**RECORDS:**

--

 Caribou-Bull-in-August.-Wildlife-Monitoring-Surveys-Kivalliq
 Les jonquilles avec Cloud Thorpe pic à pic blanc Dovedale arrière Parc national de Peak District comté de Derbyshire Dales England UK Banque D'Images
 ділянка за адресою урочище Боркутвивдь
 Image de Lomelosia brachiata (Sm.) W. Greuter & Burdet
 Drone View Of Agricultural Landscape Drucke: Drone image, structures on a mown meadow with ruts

--

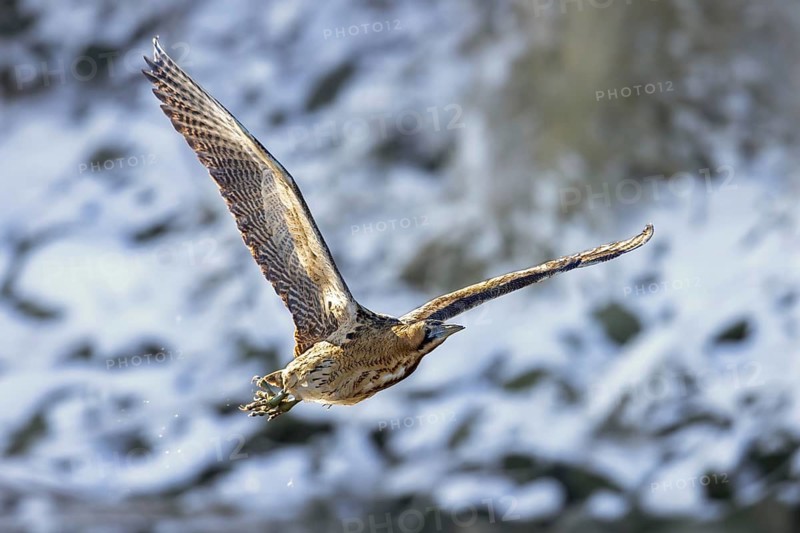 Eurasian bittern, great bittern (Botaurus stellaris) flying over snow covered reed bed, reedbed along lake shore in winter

--

**WORK ITEM:**
Take the line above containing "Image de Lomelosia", the line containing "Drone View Of", and all lines in between, and copy them exactly without anything else.

**ANSWER TO THIS TASK:**
 Image de Lomelosia brachiata (Sm.) W. Greuter & Burdet
 Drone View Of Agricultural Landscape Drucke: Drone image, structures on a mown meadow with ruts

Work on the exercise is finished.